Because queries can be generated from multimedia content that utilize both the audio and video, a more relevant query can be produced from a multimedia event.
The present invention encompasses a method for generating a query. The method comprises the steps of receiving multi-media content, separating the multi-media content into at least a video portion and an audio portion, and generating at least one query based on the video portion and the audio portion.
The present invention additionally encompasses a method for generating a query. The method comprises the steps of receiving a video stream and an audio stream, selecting a portion of the video stream and the audio stream for query generation, and creating at least one query to be sent out based on the portion of the video stream and the portion of the audio stream.

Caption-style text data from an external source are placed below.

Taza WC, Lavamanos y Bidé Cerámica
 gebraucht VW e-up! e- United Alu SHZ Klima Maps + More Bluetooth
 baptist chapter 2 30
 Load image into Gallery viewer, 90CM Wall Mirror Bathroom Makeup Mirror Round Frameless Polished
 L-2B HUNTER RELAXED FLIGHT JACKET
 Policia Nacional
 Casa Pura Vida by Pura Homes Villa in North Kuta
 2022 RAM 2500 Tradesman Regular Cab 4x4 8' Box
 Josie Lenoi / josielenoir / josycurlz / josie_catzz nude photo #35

The present invention additionally encompasses an apparatus comprising media separation circuitry receiving multimedia content and outputting a video stream and an audio stream, and query generation circuitry receiving the video stream and the audio stream selecting a portion of the video stream and the audio stream and outputting a query based on the portion of the video stream and the portion of the audio stream.
Turning now to the drawings, where like numerals designate like components, FIG. 1 is a block diagram showing system 100 capable of generating a query from multimedia content. As shown, system 100 comprises query generator 101 , display 102, user inputs 106 and 107, optional suggestion service 108, and optional database 109.
Display 102 comprises a standard display such as, but not limited to a television, a computer monitor, a handheld display device, . . . , etc. User inputs 106 and 107 comprise any input that allows a user to request a multimedia query. In this particular embodiment, user inputs 106 and 107 comprise a standard television remote 107 and speech recognition circuitry 106. Web suggestion service comprises an external service designed to supply related words or concepts (e.g. Thesaurus-like) based on query inputs. Such web suggestion services are described in, for example, "Google Suggest" (http://www.google.com/support/bin/answer.py?hl=en&answer=106230), which analyzes what a user is typing into the search box and offers relevant suggested search terms in real time. Finally, in this particular embodiment, database 109 comprises a personal profile database 109 storing personal profiles. Database 109 serves to store user interests such as, but not limited to demographic info, viewing history, hobby, fields of interests, etc.
As shown, query generator 101 comprises media separation circuitry 103, media-specific query generation circuitry 104, and query selection and weighting circuitry 105. Optional speech recognition circuitry 106 is provided within generator 101. Finally, query generator 101 comprises logic circuitry 110 used to control the functions of generator 101.
Media separation circuitry 103 serves to separate a multimedia content into a video portion, an audio portion, and a textual portion. The video portion may simply be a small portion of the multimedia video (e.g., 3 seconds), while the audio portion may comprise a portion of the audio from the particular video portion. The textual portion preferably comprises close-captioning text and/or metadata provided with the multimedia content. In one embodiment of the present invention, media separation circuitry is based on decoders/encoders using MPEG elementary streams. An elementary stream (ES) as defined by MPEG communication protocol is usually the output of an audio or video encoder. ES contains only one kind of data, e.g. audio, video or closed captioning.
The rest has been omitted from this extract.